🤖 AI Summary
Image anomaly localization is critical in medical diagnosis and industrial inspection, yet existing generative-model-based approaches—particularly diffusion models—lack statistical reliability, suffer from model bias and uncertainty, and fail to quantify false-positive risk. This paper introduces selective inference to diffusion-based anomaly localization for the first time, establishing an interpretable statistical inference framework: for each pixel or region in the model-reconstructed image, it performs conditional hypothesis testing and outputs rigorously calibrated p-values to quantify the false-positive probability. Unlike conventional methods lacking theoretical guarantees, our approach enables statistically controlled, significance-aware anomaly localization. Experiments on multiple medical and industrial datasets demonstrate substantial improvements in false-positive rate control, delivering trustworthy, statistically grounded anomaly localization outputs suitable for high-stakes applications.
📝 Abstract
Anomaly localization in images (identifying regions that deviate from expected patterns) is vital in applications such as medical diagnosis and industrial inspection. A recent trend is the use of image generation models in anomaly localization, where these models generate normal-looking counterparts of anomalous images, thereby allowing flexible and adaptive anomaly localization. However, these methods inherit the uncertainty and bias implicitly embedded in the employed generative model, raising concerns about the reliability.
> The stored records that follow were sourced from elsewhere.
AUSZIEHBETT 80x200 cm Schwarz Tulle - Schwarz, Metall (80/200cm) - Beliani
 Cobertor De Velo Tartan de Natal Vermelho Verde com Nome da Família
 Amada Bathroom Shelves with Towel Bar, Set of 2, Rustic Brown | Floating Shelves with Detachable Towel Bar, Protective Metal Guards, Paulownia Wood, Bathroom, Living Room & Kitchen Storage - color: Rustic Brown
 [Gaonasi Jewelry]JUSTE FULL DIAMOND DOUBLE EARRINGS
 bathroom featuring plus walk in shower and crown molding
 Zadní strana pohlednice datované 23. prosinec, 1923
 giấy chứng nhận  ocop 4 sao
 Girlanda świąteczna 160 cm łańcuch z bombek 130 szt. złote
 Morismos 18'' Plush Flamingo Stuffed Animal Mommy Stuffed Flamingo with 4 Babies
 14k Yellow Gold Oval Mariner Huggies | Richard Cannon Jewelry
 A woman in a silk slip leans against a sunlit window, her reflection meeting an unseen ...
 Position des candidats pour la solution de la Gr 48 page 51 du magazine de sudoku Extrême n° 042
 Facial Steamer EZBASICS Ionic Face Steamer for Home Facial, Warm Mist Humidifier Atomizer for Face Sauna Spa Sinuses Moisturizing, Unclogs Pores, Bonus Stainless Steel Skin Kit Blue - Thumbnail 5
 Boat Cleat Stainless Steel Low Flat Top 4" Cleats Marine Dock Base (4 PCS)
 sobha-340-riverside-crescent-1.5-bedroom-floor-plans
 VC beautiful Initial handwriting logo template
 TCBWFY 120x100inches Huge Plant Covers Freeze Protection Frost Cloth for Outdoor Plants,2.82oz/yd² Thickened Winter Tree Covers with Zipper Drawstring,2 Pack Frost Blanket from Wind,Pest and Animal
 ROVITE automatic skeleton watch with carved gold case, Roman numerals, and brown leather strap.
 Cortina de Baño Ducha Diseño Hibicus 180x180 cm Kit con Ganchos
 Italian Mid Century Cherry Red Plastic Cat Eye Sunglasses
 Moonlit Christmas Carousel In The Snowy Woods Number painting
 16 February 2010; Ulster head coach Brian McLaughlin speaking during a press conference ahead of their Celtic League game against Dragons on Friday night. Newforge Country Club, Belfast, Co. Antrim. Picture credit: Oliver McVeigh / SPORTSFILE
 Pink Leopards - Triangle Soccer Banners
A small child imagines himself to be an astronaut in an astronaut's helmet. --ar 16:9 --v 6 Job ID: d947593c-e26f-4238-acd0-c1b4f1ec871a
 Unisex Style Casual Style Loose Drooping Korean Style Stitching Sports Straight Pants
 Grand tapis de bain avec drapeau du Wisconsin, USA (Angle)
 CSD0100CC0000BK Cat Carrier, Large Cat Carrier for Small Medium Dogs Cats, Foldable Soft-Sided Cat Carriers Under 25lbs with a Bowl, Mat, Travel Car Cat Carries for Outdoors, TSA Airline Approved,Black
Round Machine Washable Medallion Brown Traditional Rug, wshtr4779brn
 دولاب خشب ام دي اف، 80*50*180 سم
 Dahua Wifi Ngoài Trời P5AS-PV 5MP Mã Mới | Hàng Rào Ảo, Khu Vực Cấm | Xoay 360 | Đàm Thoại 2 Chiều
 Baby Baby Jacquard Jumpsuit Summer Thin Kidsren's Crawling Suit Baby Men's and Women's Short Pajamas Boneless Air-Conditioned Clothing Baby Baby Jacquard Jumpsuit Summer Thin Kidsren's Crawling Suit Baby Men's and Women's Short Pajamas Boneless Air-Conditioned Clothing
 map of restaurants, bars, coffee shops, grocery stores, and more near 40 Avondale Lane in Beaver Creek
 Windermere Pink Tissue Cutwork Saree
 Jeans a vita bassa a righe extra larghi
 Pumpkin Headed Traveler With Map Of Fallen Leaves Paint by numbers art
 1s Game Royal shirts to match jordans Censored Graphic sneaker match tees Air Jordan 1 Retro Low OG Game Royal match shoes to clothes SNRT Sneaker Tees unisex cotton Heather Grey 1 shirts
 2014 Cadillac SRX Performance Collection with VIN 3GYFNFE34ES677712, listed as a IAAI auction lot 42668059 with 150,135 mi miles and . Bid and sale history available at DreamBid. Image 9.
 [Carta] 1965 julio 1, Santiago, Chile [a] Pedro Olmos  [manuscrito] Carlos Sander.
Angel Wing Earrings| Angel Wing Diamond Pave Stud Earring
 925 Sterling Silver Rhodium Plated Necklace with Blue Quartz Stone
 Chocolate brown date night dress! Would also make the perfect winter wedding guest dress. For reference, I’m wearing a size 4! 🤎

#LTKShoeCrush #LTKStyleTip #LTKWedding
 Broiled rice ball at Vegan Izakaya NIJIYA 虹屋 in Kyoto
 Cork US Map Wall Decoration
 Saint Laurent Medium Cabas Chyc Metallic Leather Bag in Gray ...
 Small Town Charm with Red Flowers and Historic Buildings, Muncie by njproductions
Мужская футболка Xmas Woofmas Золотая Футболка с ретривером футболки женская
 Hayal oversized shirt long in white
To address this, we propose a statistical framework based on selective inference to quantify the significance of detected anomalous regions. Our method provides $p$-values to assess the false positive detection rates, providing a principled measure of reliability. As a proof of concept, we consider anomaly localization using a diffusion model and its applications to medical diagnoses and industrial inspections. The results indicate that the proposed method effectively controls the risk of false positive detection, supporting its use in high-stakes decision-making tasks.